Goal of the exercise: After locating the line containing "Komodo Waran auf" in the entries below, please write out that line and the rest through the end exactly. Omit pictures.
- - -
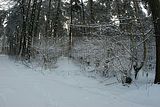russische-garnission-03-01-2010-013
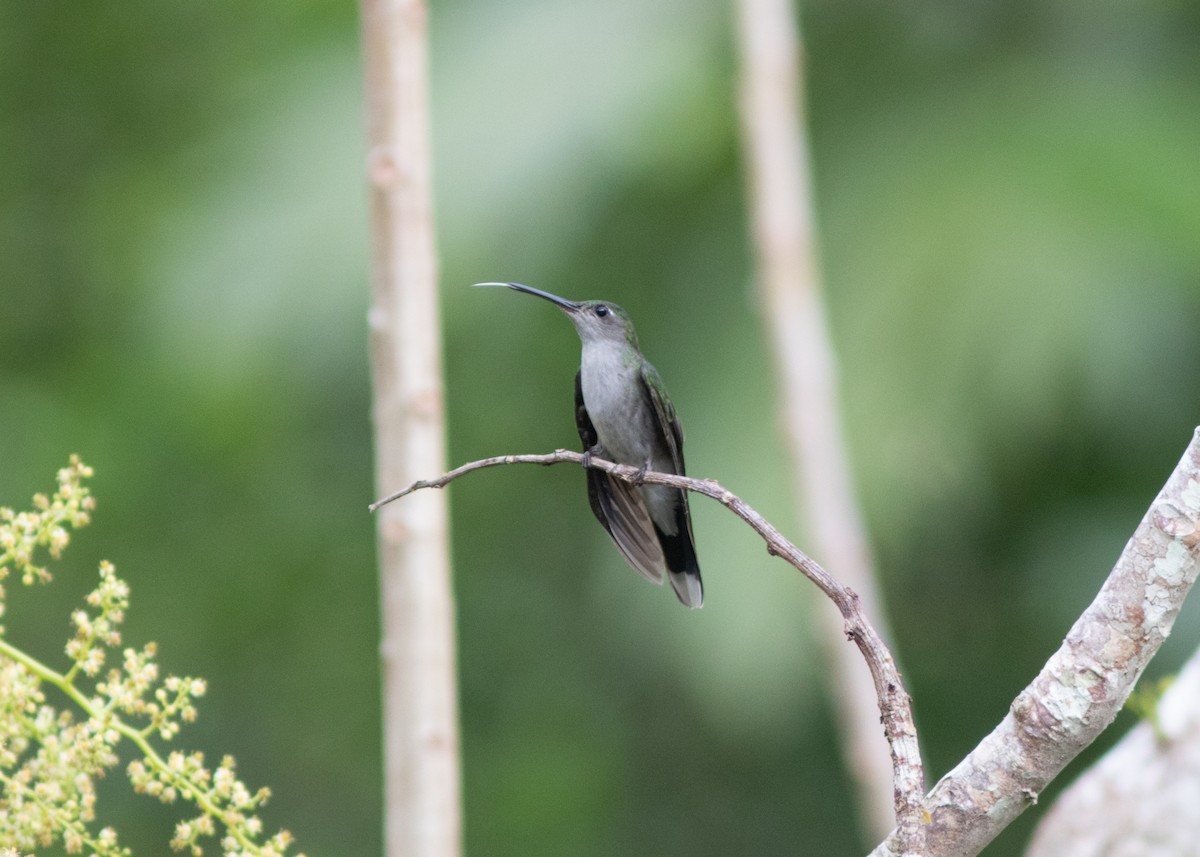 Gray-breasted Sabrewing (obscurus) - ML614711648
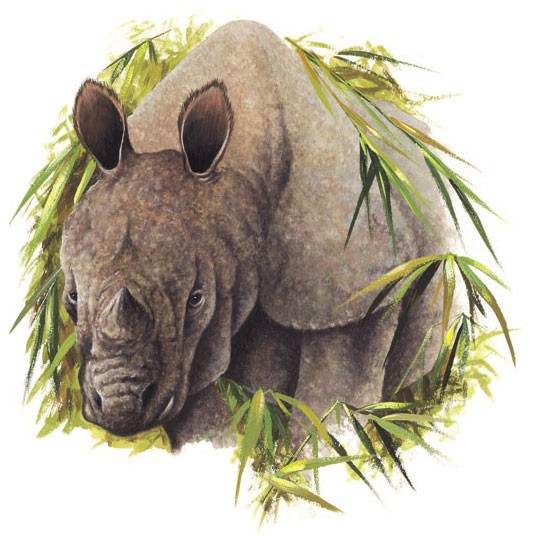 Javan rhinoceros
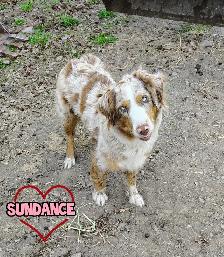 Australian shepherd PUPPIES!! - Photo 7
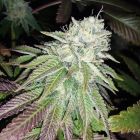 Zour Lemon Regular Cannabis Seeds by Karma Genetics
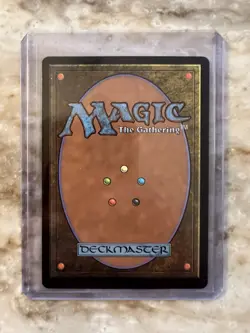 Elegant Parlor (Borderless) Murders at Karlov Manor Foil MTG NM+ - Image 2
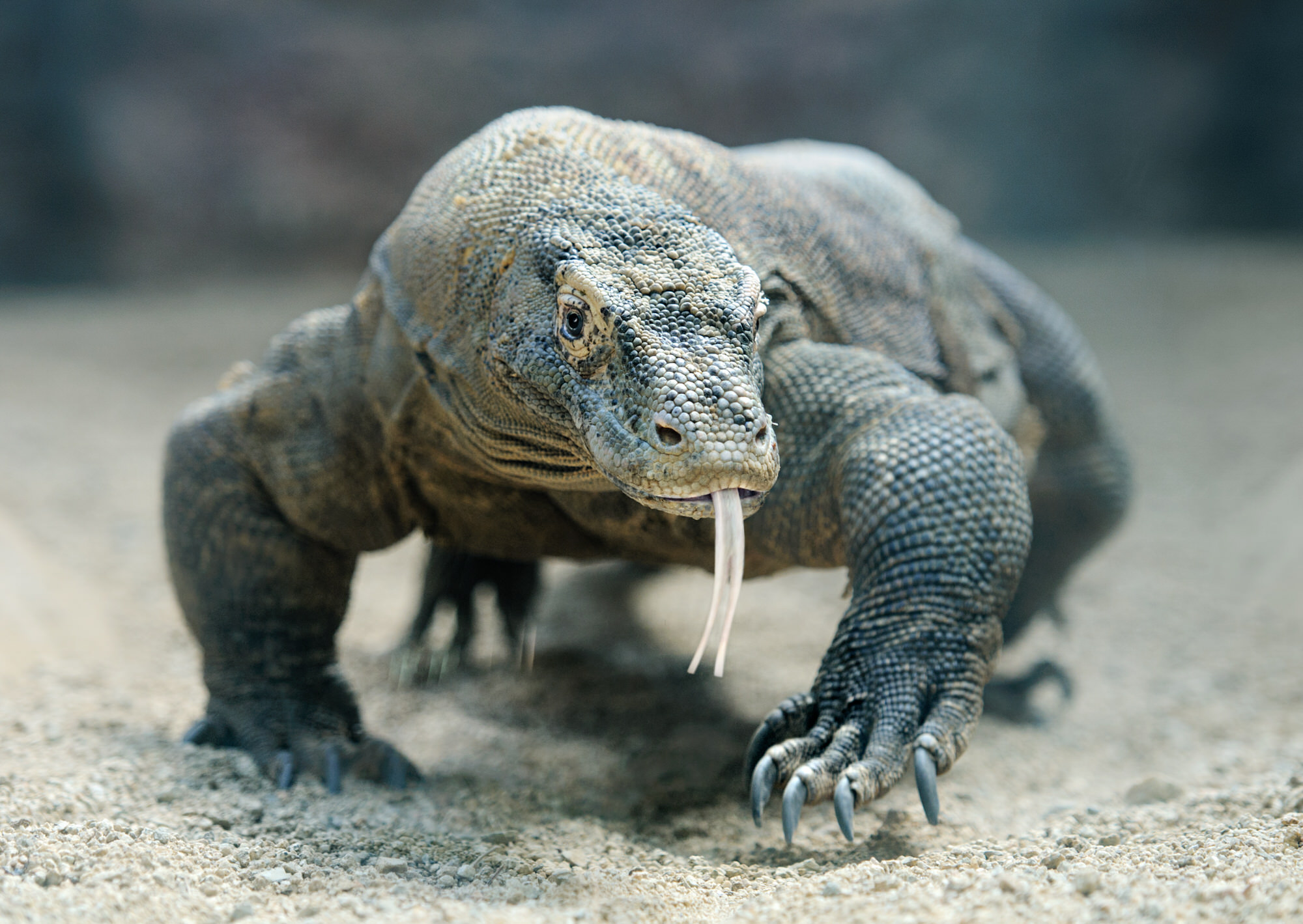 Komodo Waran auf Futtersuche, Insel Komodo, Indonesien
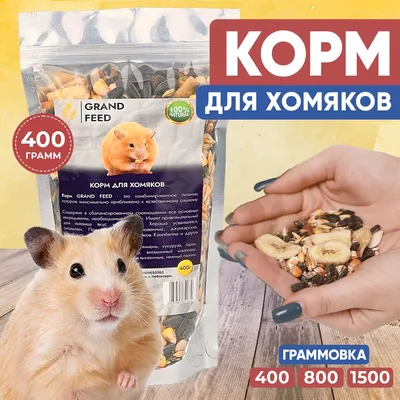 КАКИЕ ХОМЯКИ САМЫЕ ОБЩИТЕЛЬНЫЕ? - LOVE FERPLAST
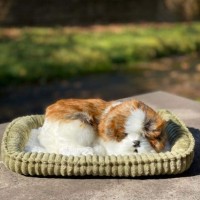 Jucărie de pluș Perfect Petzzz Shih Tzu Puppy (737412996293) imaginea #4 — magazin online Desire.md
- - -
Answer for the task:
 Komodo Waran auf Futtersuche, Insel Komodo, Indonesien
 КАКИЕ ХОМЯКИ САМЫЕ ОБЩИТЕЛЬНЫЕ? - LOVE FERPLAST
 Jucărie de pluș Perfect Petzzz Shih Tzu Puppy (737412996293) imaginea #4 — magazin online Desire.md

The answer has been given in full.